06 Dec, 2023 Chris Parker

                               

Dubois, PA (WorkersCompensation.com)– In Pennsylvania, an employee with a psychic injury may have a compensable injury within the meaning of the workers’ compensation act. But he’ll have to show that the injury resulted from an abnormal working condition—a determination that hinges, in part, on the circumstances of the injury.

In a case involving a truck driver who allegedly developed PTSD, a court looked closley at the facts surrounding a truck fire to determine whether it was an abnormal working condition.
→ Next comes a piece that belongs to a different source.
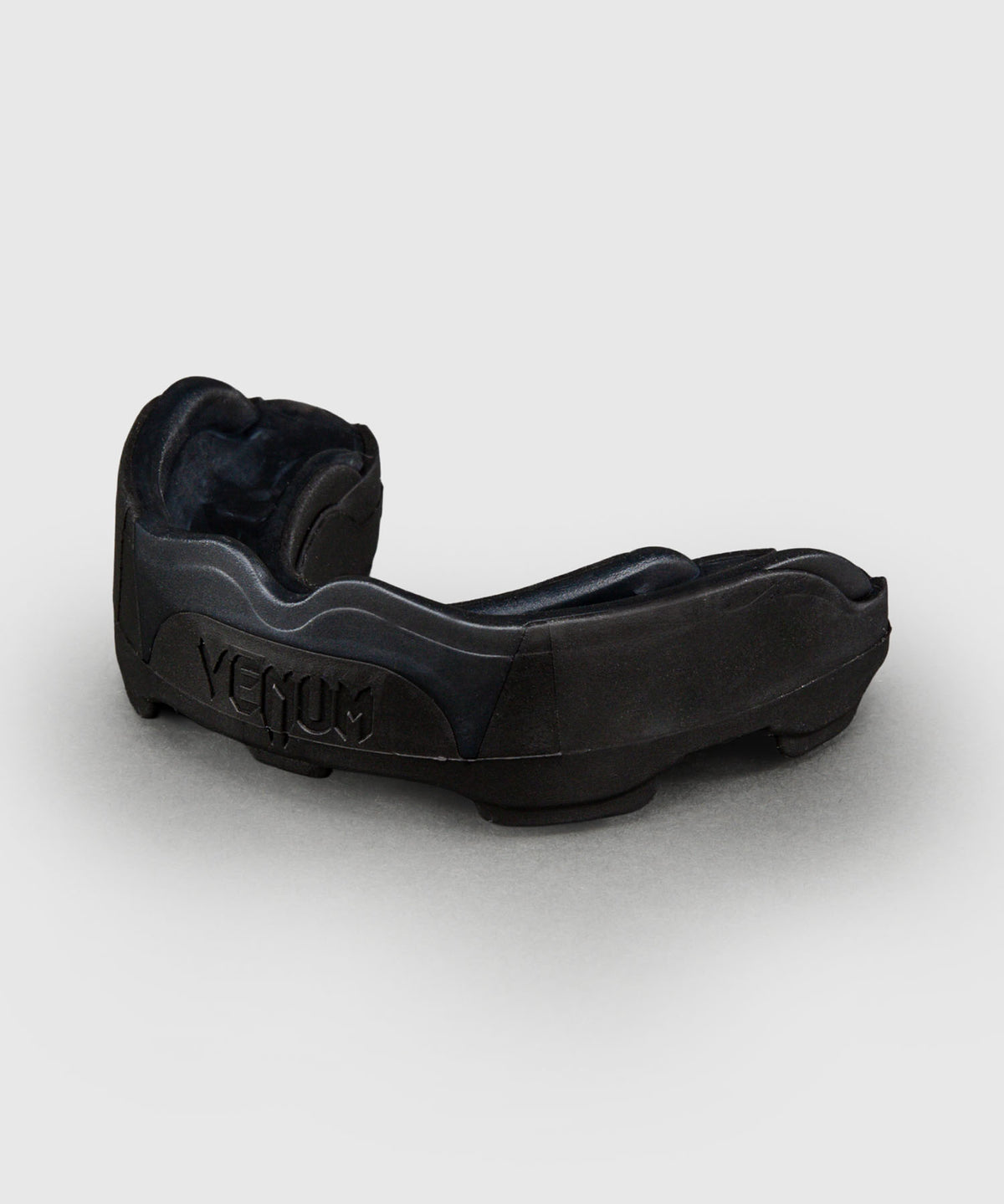 Venum Predator Paradenti – Nero/Nero/Rosso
The employee was driving on the turnpike when his emergency indicators lit up. He pulled over and, in the passenger side rearview mirror, saw flames. There was smoke coming in through the passenger side door. The employee’s training and commercial licensing had prepared him, in part, for the possibility of a truck catching on fire. His truck had a fire extinguisher on board.

The employee leapt out of the cab and ran a hundred yards away. Another truck driver stopped and quickly put out the fire with his extinguisher and with the employee’s extinguisher. The employee went back and helped the second driver put out the embers. Neither driver was injured.
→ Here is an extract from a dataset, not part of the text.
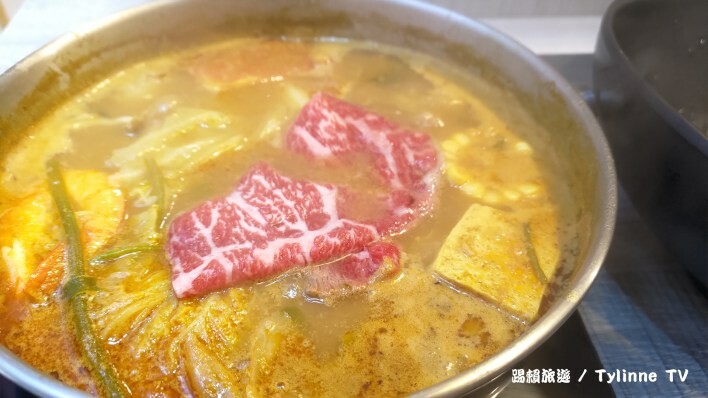 【新北板橋美食】樂釜Love Hot Pot極上鍋物 | 火鍋搭配超大肉盤、生猛海鮮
The employee subsequently filed a workers’ compensation claim for a psychic injury, claiming he developed PTSD because of the incident. A workers compensation judge found the injury compensable, and an appeals board agreed.

The employer challenged the decision in court, asserting that the fire was not an abnormal working condition.

The court explained that to obtain workers' compensation benefits for a psychic injury, the claimant must prove that the mental injury he sustained is other than a subjective reaction to normal working conditions. The claimant must establish that the injury arose from abnormal working conditions.

Was the fire an abnormal working condition?
A. Yes. The fact that the driver received training that related to a possible fire was irrelevant to whether the fire was an abnormal working condition.
B. No. It was brief, no one was hurt, and the employee’s training prepared him for the possibility of the vehicle catching on fire.

If you chose B you sided with the court in Premium Transportation Staff, Inc. v. Welker, No. 1329 C.D. 2022 (Pa. Commw. Ct. 11/30/23), which held that the fire was not an abnormal working condition.

Some fires, depending on the facts, can amount to an abnormal working condition, the court conceded. But that was not the case here. Based on the facts, the employee did not experience an extraordinarily unusual and distressing event that constituted an abnormal working condition.

“Claimant acknowledged that he could anticipate a truck fire and had been trained on how to respond,” the court wrote.

Further, the relatively minor fire he experienced was quickly extinguished, and no one was hurt. For a truck driver, a minor fire was not an unusual event, the court concluded.

The court reversed the decision of the appeals board.